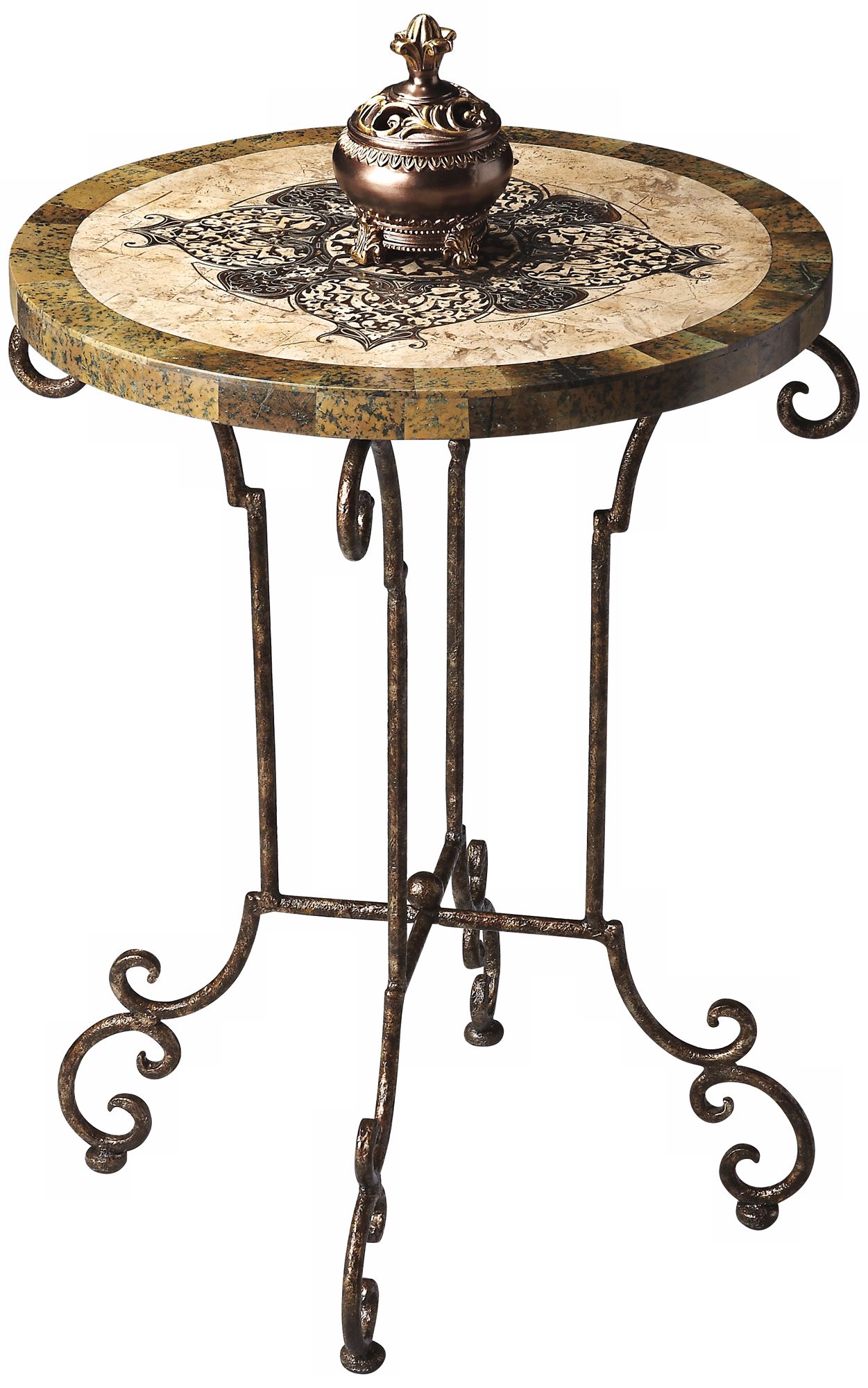 Metalworks Antiqued Etched Fossil Stone Accent Table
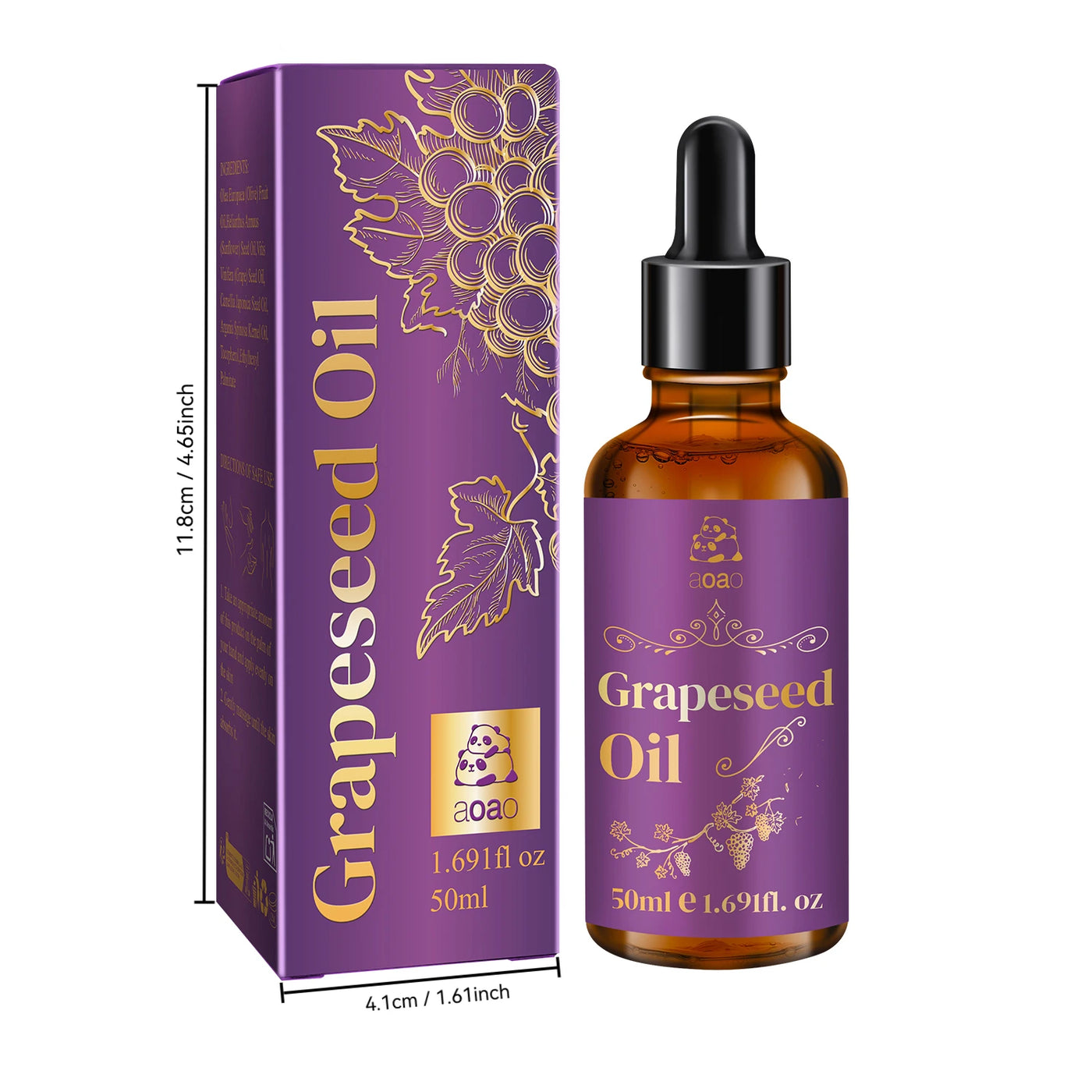 Grape Seed Oil Suitable for Face, Body, and Hair, Perfect for Massage, Scalp and Nail Natural Moisturizing Cream Bath Oil.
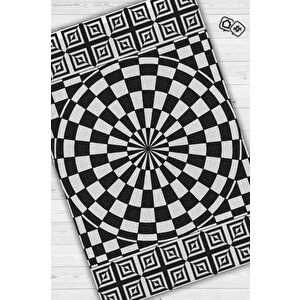 Damalı İllüzyon Geometrik Desenli Halı Siyah Beyaz Oturma Odası Halısı Modern Salon Halısı 120x180 cm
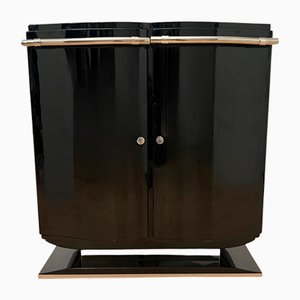 Credenza bar Art Deco laccata nera e cromata, Francia, 1930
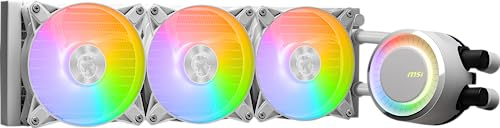 MSI MAG CORELIQUID E360 WHITE Kit Watercooling CPU, Plaque Froide en Cuivre Agrandie, Tête Waterblock ARGB & Ventilateurs FDB, Double Chambre, Radiateur Split-Flow, Compatible AMD & Intel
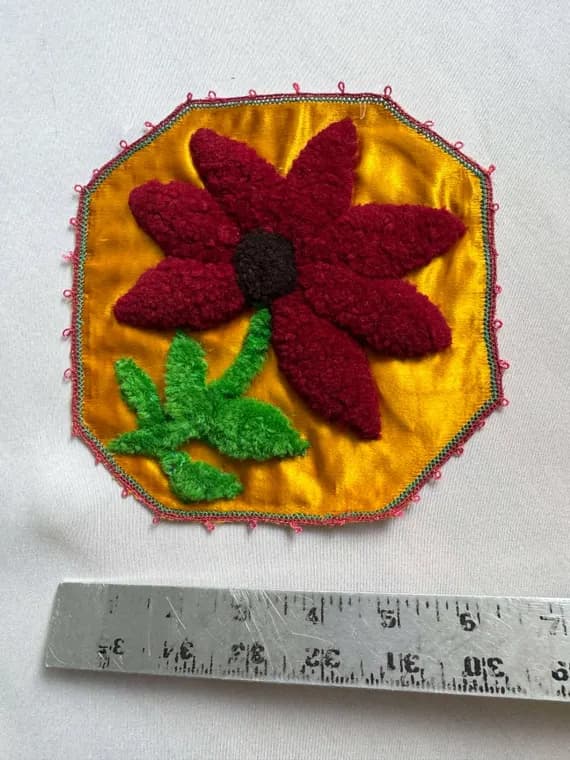 satin fabric - Antique Hand Embroidered Chenille Yarn on Silk Applique Flower Floral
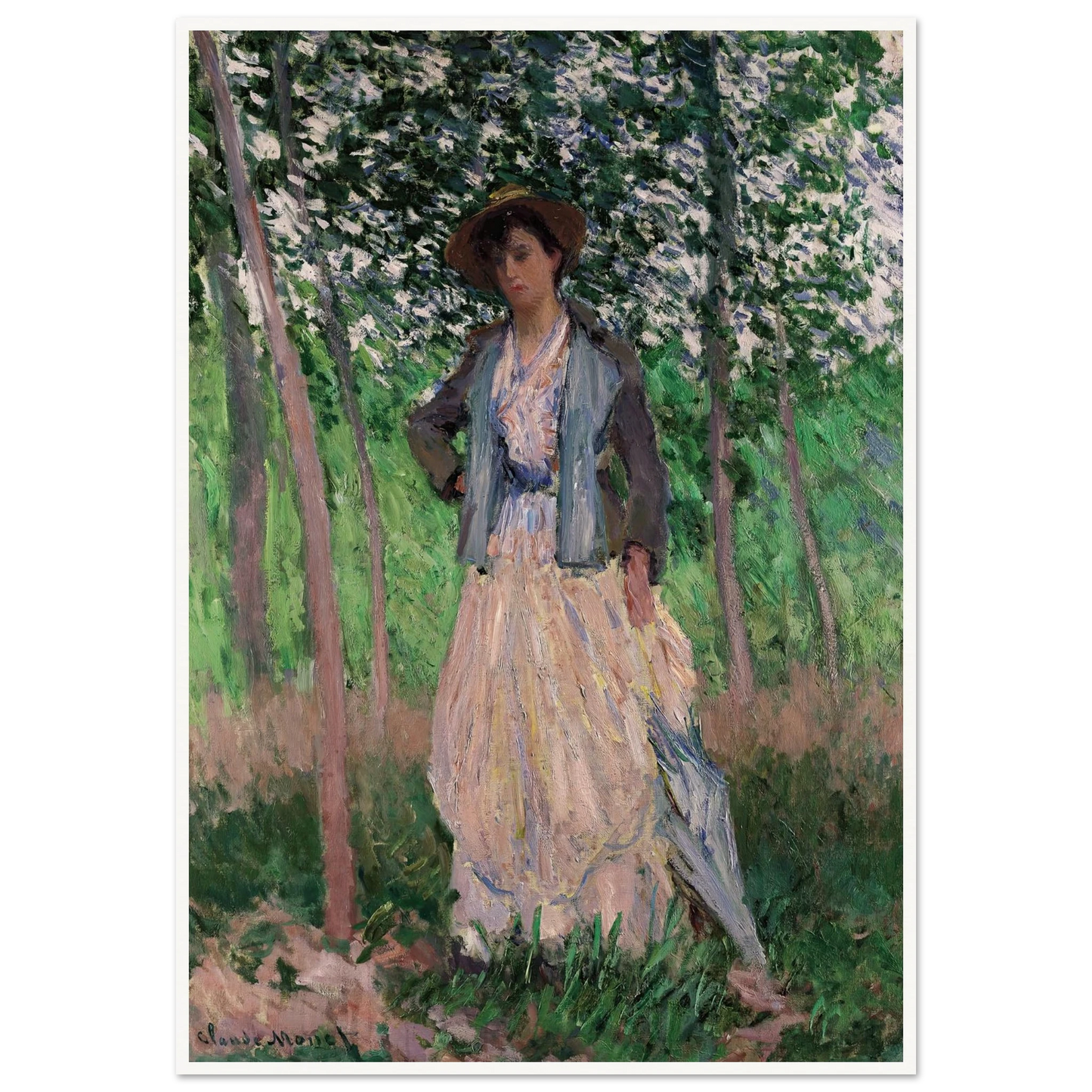 The Stroller (Suzanne Hoschedé, later Mrs. Theodore Earl Butler, 1868–1899) (1887) Art Print | Claude Monet-Quipham Collections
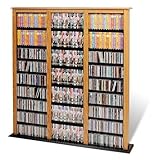 Oak Finish Triple Width Multimedia Storage Barrister Tower
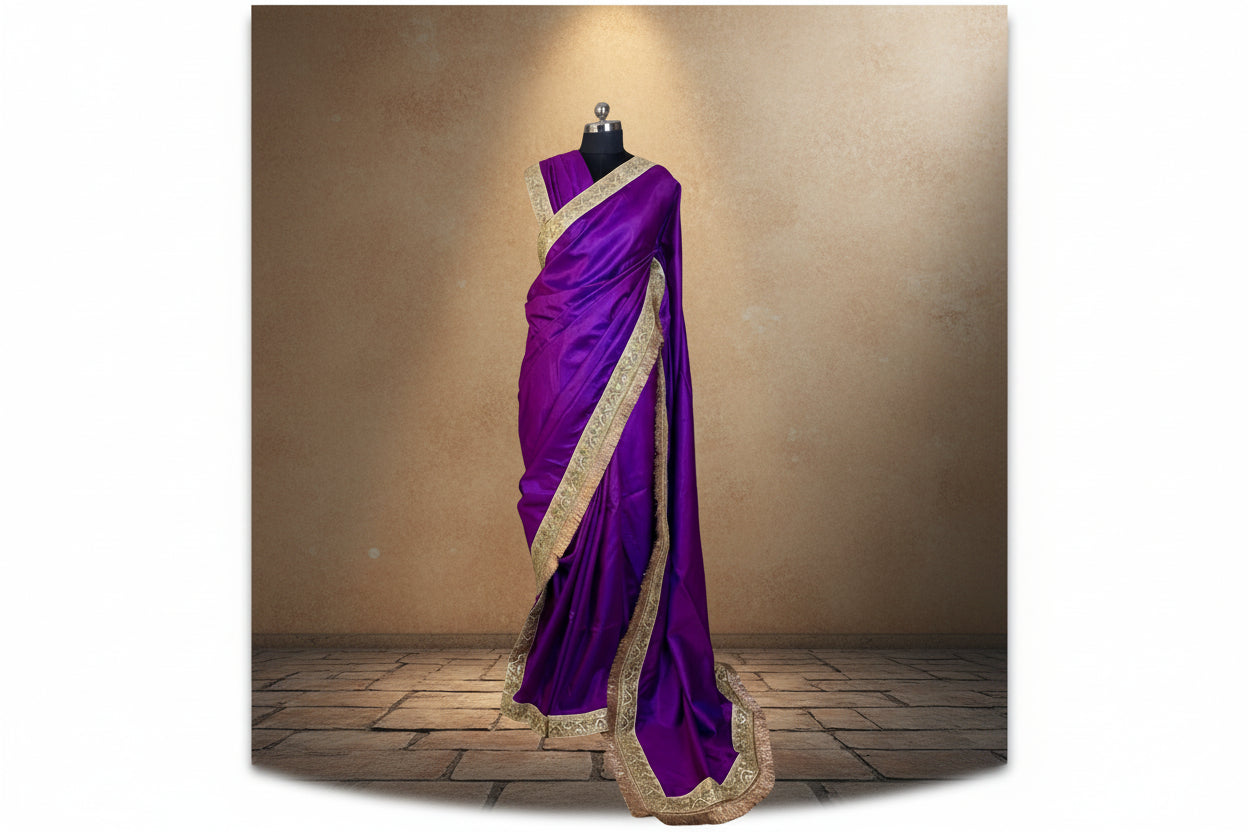 Purple Designer Katan Silk Saree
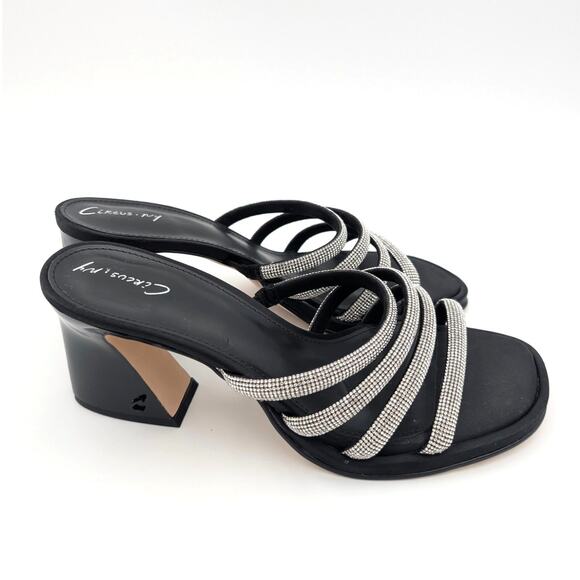 Circus NY Heddie Rhinestone Strap Heeled Sandals Women's Black Size US9M EU40 - Picture 4 of 10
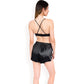 Black Feather Trim Satin Robe with Bralette and High Waist Shorts Three-Piece Lounge Set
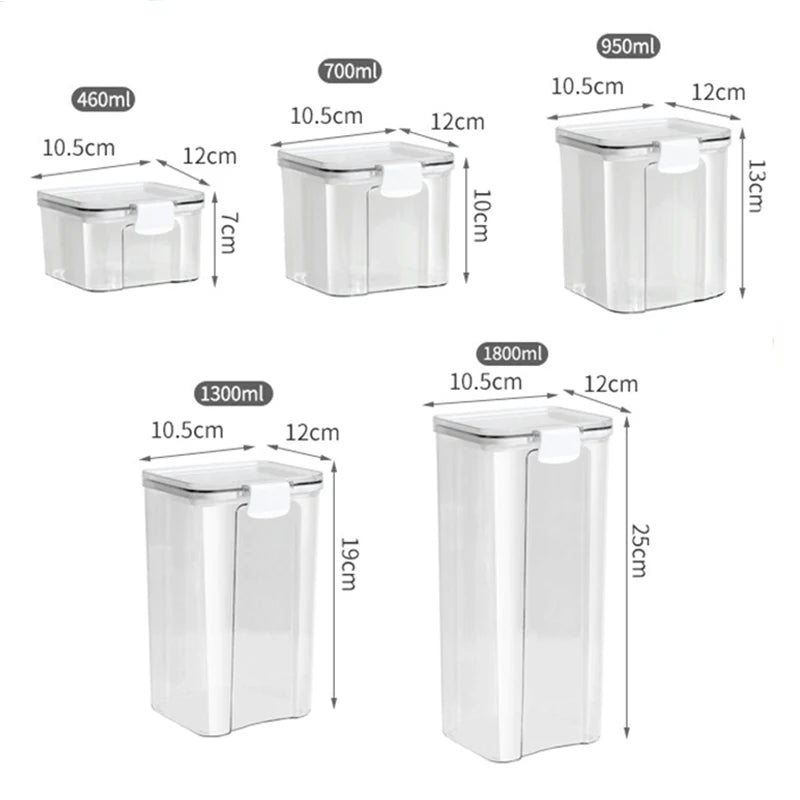 Large Airtight Grain Storage Container Set Kitchen Food Storage Jars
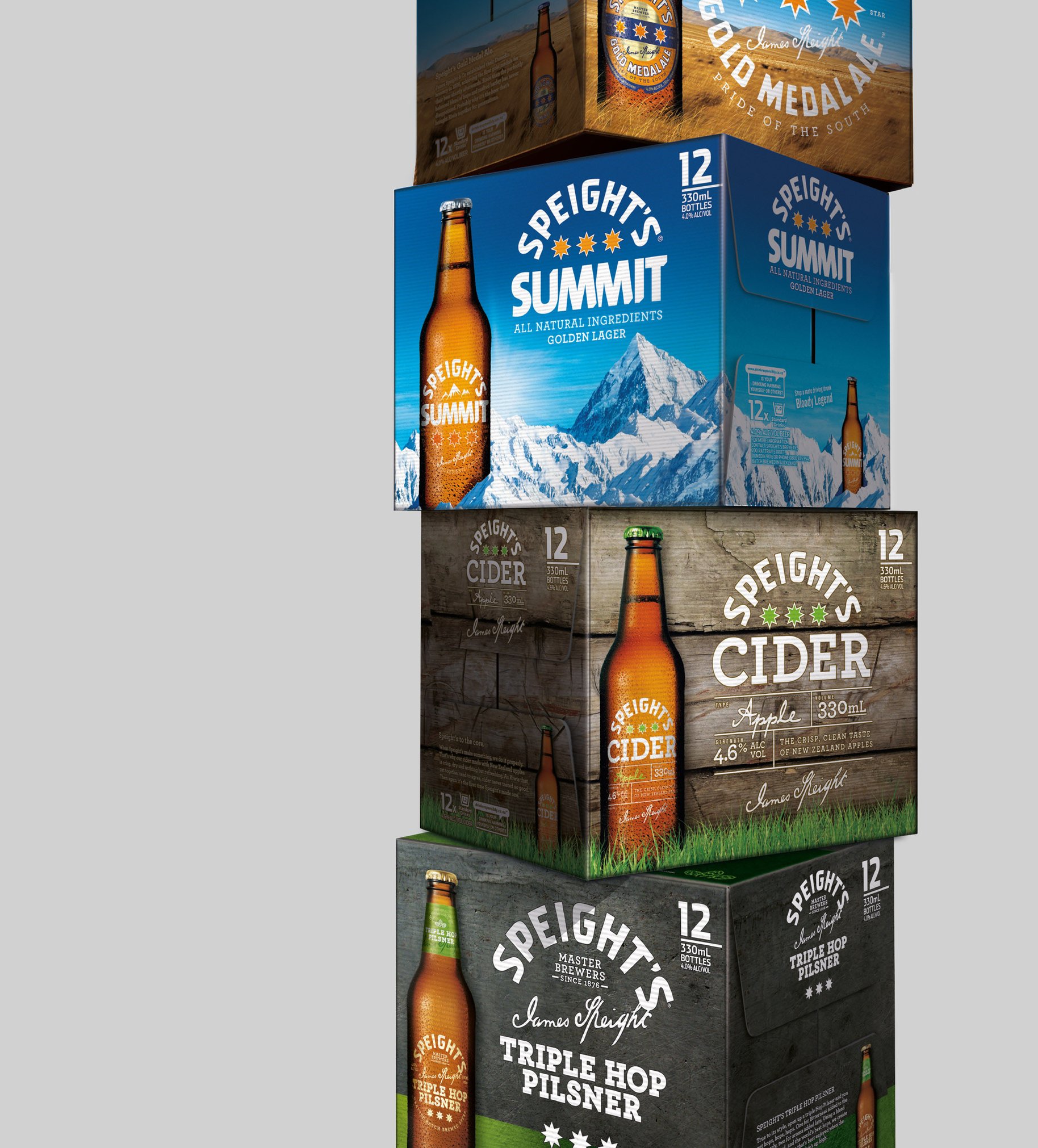 Speight's box packaging stacked render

Task item: Retype, without any picture, exactly the lines from the one with "Black Feather Trim" through the end of the entries, inclusive.

Reply to the task:
 Black Feather Trim Satin Robe with Bralette and High Waist Shorts Three-Piece Lounge Set
 Large Airtight Grain Storage Container Set Kitchen Food Storage Jars
 Speight's box packaging stacked render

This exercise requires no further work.